Entries provided -
- - -

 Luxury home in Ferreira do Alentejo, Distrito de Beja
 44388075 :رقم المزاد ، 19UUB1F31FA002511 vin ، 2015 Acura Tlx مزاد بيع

- - -

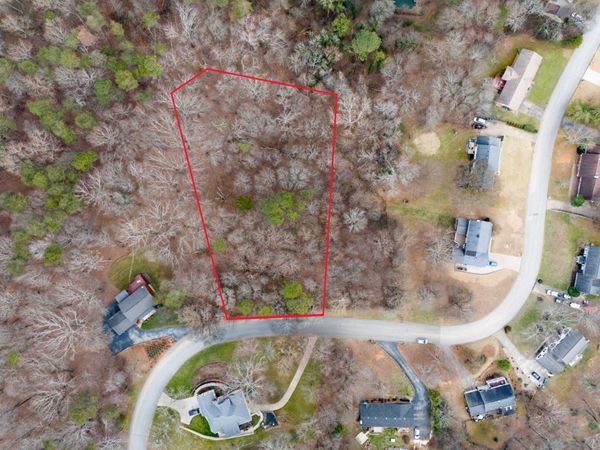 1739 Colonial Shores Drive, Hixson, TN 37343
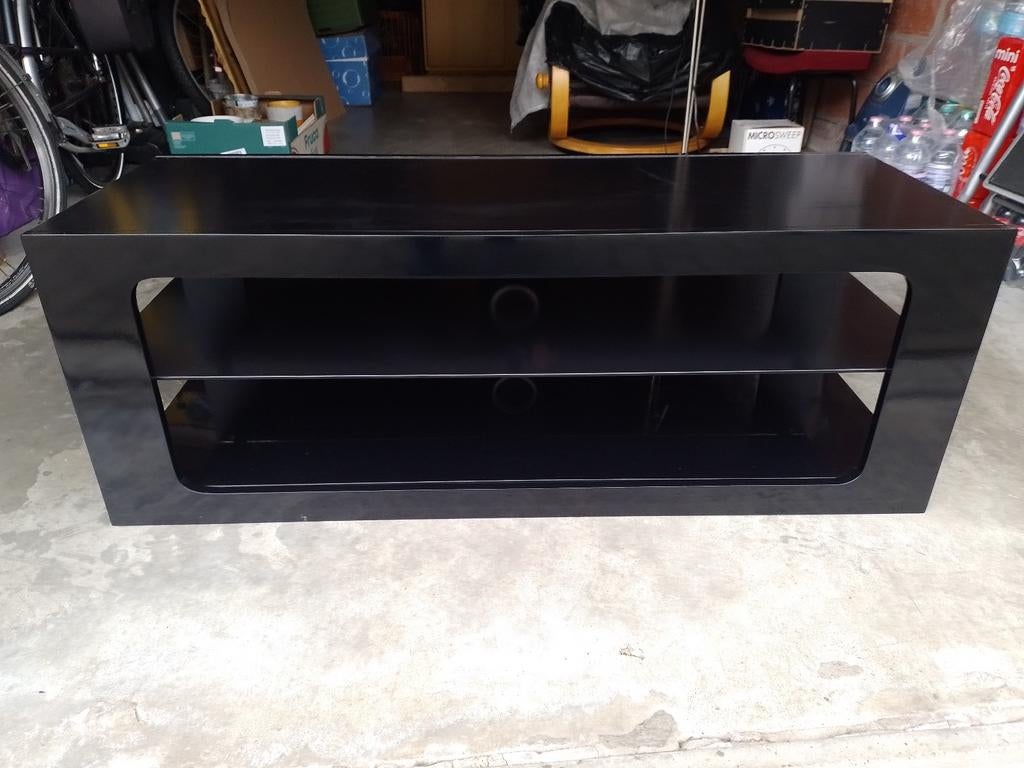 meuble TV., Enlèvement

- - -

Requirement - Could you write out, exactly as they stand, only the lines above that begin at the line with "Luxury home in" and stop after the line with "44388075 :رقم المزاد"?

Your response -
 Luxury home in Ferreira do Alentejo, Distrito de Beja
 44388075 :رقم المزاد ، 19UUB1F31FA002511 vin ، 2015 Acura Tlx مزاد بيع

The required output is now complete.